Your goal >>
A picture-free, exact reproduction of the listing that follows is required.

Data shown >>
▼
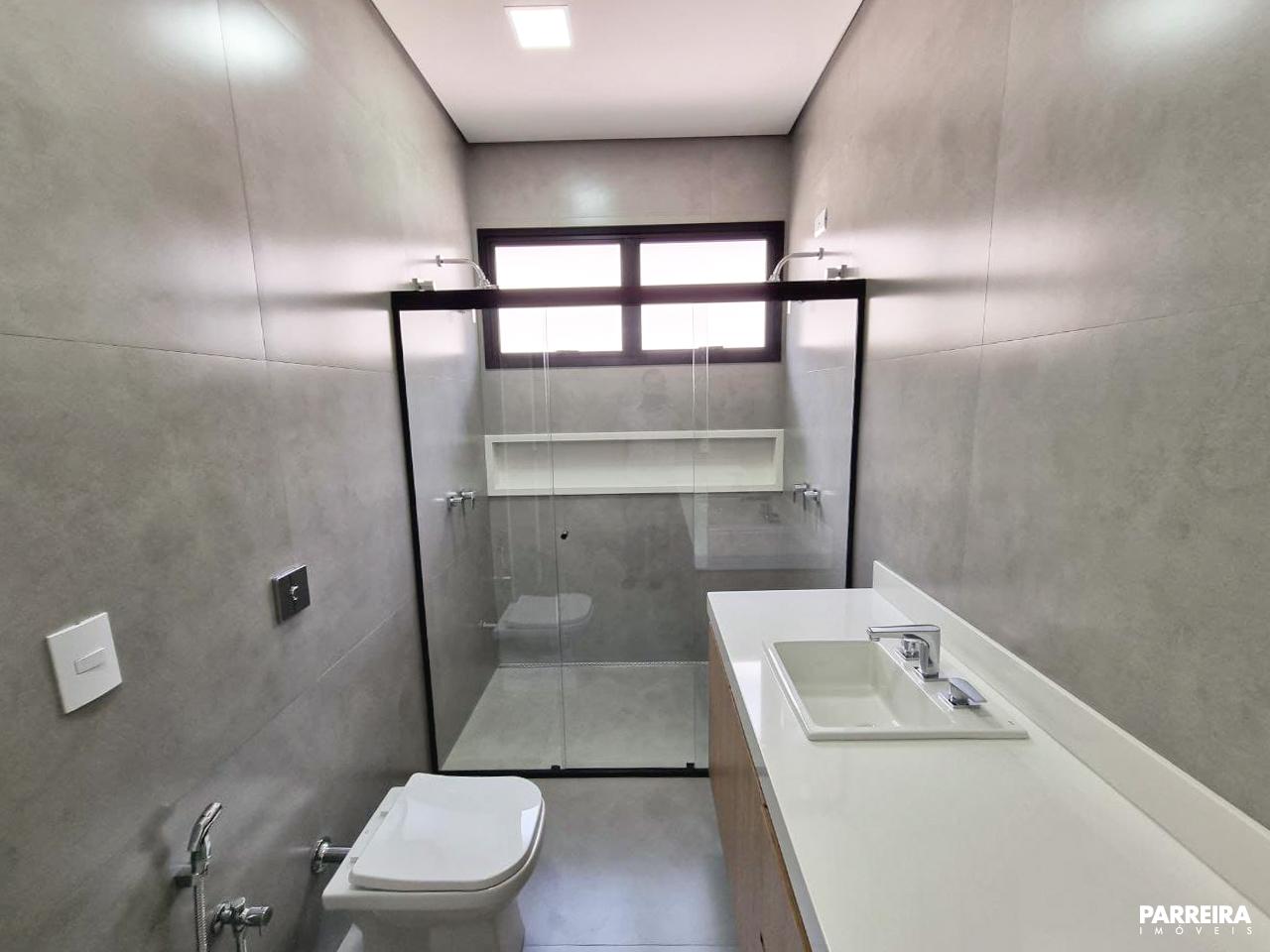 6213a8eae3e95.jpg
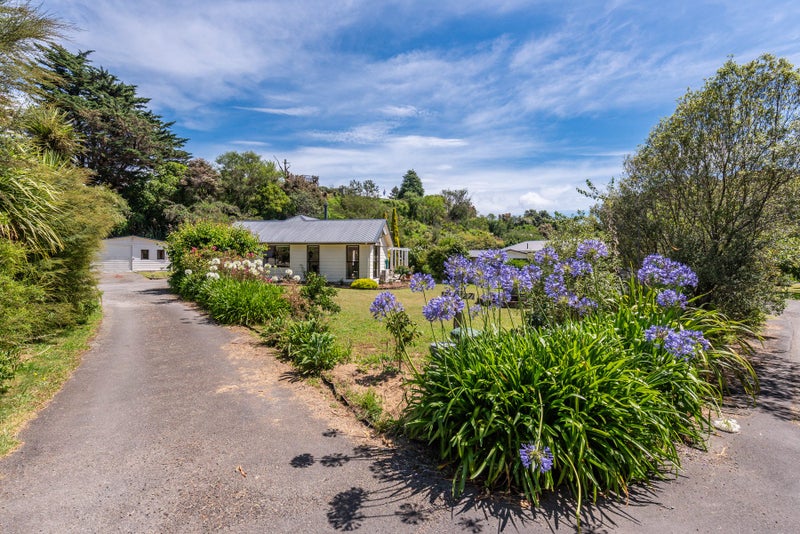 27 Rongomau Lane, Raumati South, Paraparaumu - Carousel 2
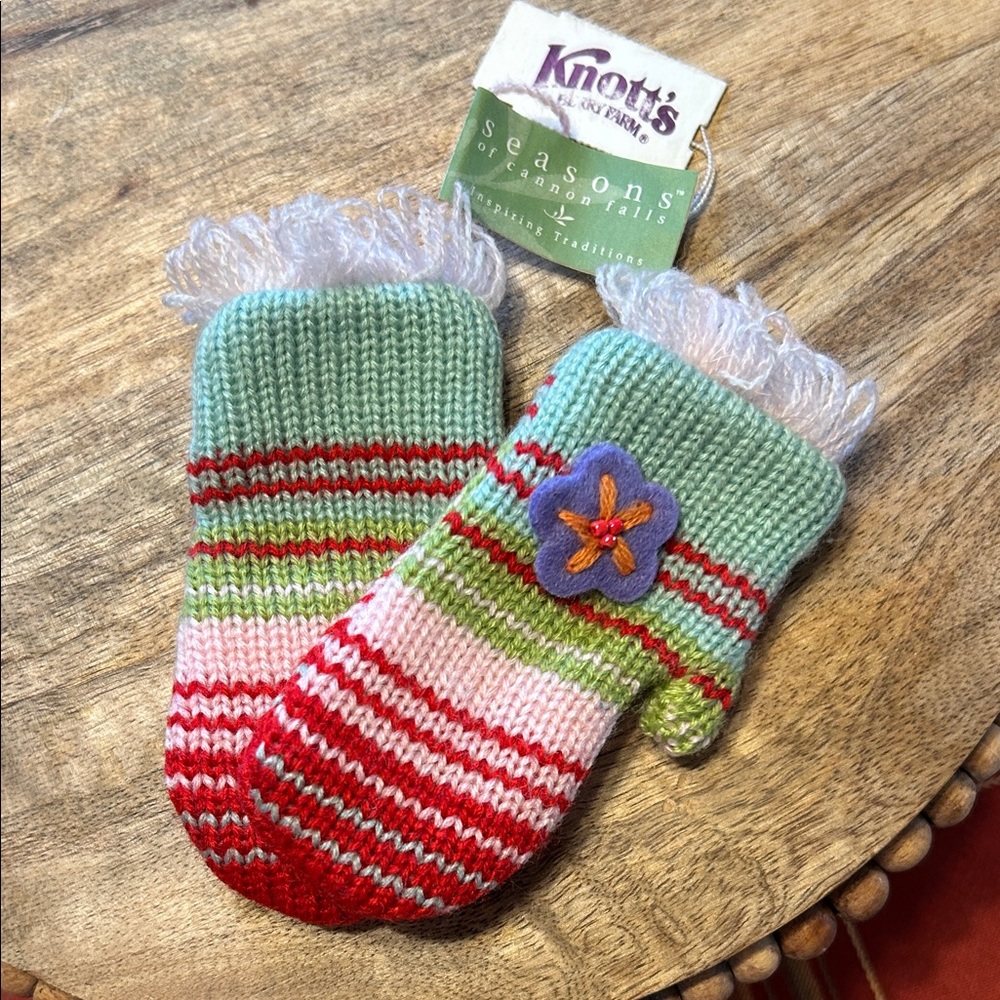 Vintage Knott’s Berry Farm Theme Park Souvenir Memorabilia Mittens 1987/88 NWT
▲
Solution for this problem >>
 6213a8eae3e95.jpg
 27 Rongomau Lane, Raumati South, Paraparaumu - Carousel 2
 Vintage Knott’s Berry Farm Theme Park Souvenir Memorabilia Mittens 1987/88 NWT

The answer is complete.